Published: October 17, 2006
Wiederseim Associates Auctioneers conducted a large two-day auction at Griffith Hall, Ludwig’s Corner Firehouse, on September 15 and 16. More than 400 bidders registered to bid on the 775-plus lots, which grossed some $850,000. The majority of the items sold came from two estates, Henry Carvill Lewis and Jane Biddle Lewis, from Chestnut Hill, Penn.
Many of the lots sold were offered for the first time and had come from “Andalusia” the ancestral home of Nicholas Biddle. When he died in 1844, Jane Biddle, wife of Edward Craig Biddle, took her share of the estate and by direct descent these items came to Jane Biddle Lewis.
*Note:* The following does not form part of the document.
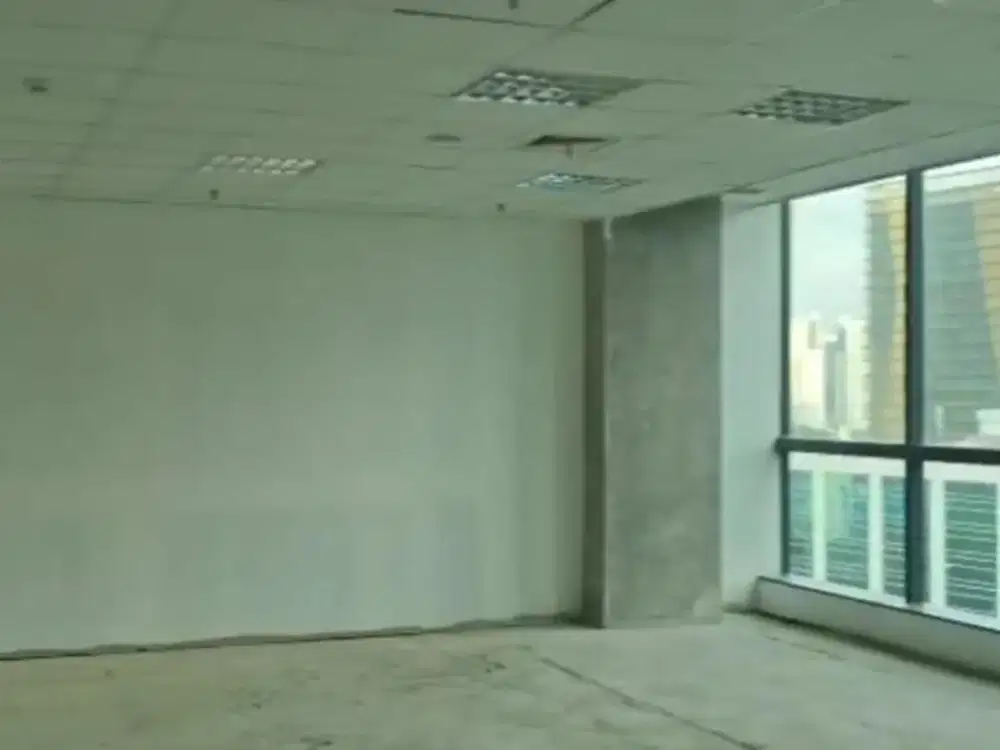 SEWA KANTOR DI JAKARTA SELATAN KUNINGAN 172M2 BARE 200K NEGO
The Friday night session started at 5 pm with many fine items offered. A ship’s log of the frigate “Raritan” dated 1844 exceeded its high estimate of $1,000 selling for $3,737. A 1901 Pope-Waverly electric car did well selling to a Massachusetts bidder for $18,400. He quickly loaded it on his pickup truck and drove away.
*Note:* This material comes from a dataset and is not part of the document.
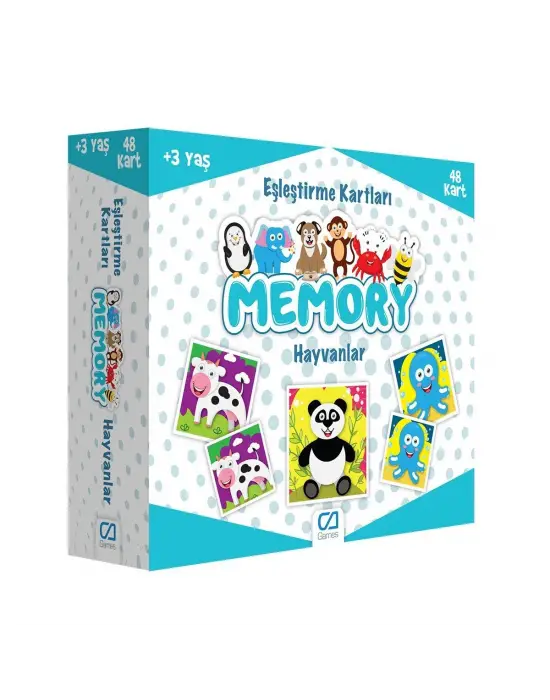 CA 5041 CA Games, Memory Hayvanlar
Two very rare miniature portraits attributed to James Peale sold for $14,950 and $16,100 respectively. Bidding was very competitive throughout the sale. A Chinese mandarin porcelain duck form tureen sold to the phone for $4,600. An English bracket clock with silvered engraved face signed Ralph Glover made $4,887. A set of very fine neoclassical bird’s-eye maple klismos-style chairs did well selling for $16,100. The chairs were originally from Andalusia.
Collectors and dealers alike marveled at the fine Philadelphia Chippendale mahogany tea table, circa 1770. It retained its old surface and had splendidly carved legs and ball and claw feet. It sold to the phone within estimate at $74,750. The last lot of the Friday night session was a portrait of Captain James Biddle (brother of Nicholas Biddle) by Thomas Sully. With activity in the room and six phone bidders it sold for $126,500, and will also be returning to Andalusia.
The Saturday session was also very strong. A pair of gilt classical candelabra which matched a chandelier at Andalusia sold for $4,312. A watercolor portrait attributed to Thomas Sully of Eliza Falconett Middleton of South Carolina sold for $34,500. Sully watercolors are extremely rare and this one proved no exception.
A large Remmy stoneware advertising pitcher with blue decoration incised, “H.N. Hopkins Importers and Dealers in Glass and Queensware, 612 Market St. Philadelphia,” made $7,475 and a blue floral decorated Remmy pitcher sold for $2,760.
The sale will be remembered for its paintings, a portrait of General George Washington attributed to Rembrant Peale went to the phone for $46,000 as did the miniature of Washington attributed to William Grimaldi (English, 1751–1830) for $12,650.
A portrait of Madame Adel Sigoigne, with a letter dated June 9, 1816, from Nicholas Biddle on his stationary as president of the Bank of United States, to Bass Otis, the artist, expressing his satisfaction with the portrait, sold to The Independence Seaport Museum of Philadelphia for $46,000, a record for an Otis portrait.
A large foxhunting painting by George Harding (American, 1882–1959) went for $6,000. A nice cherry two-piece corner cupboard sold for $4,600 and a Philadelphia Chippendale mahogany slant front schoolmaster’s desk made a reasonable $1,150.
The sale concluded with a German World War II collection with the best lot being a German army trumpet banner with silver bullion wire on green cloth field which brought $2,875.
All prices given include the buyer’s premium charged.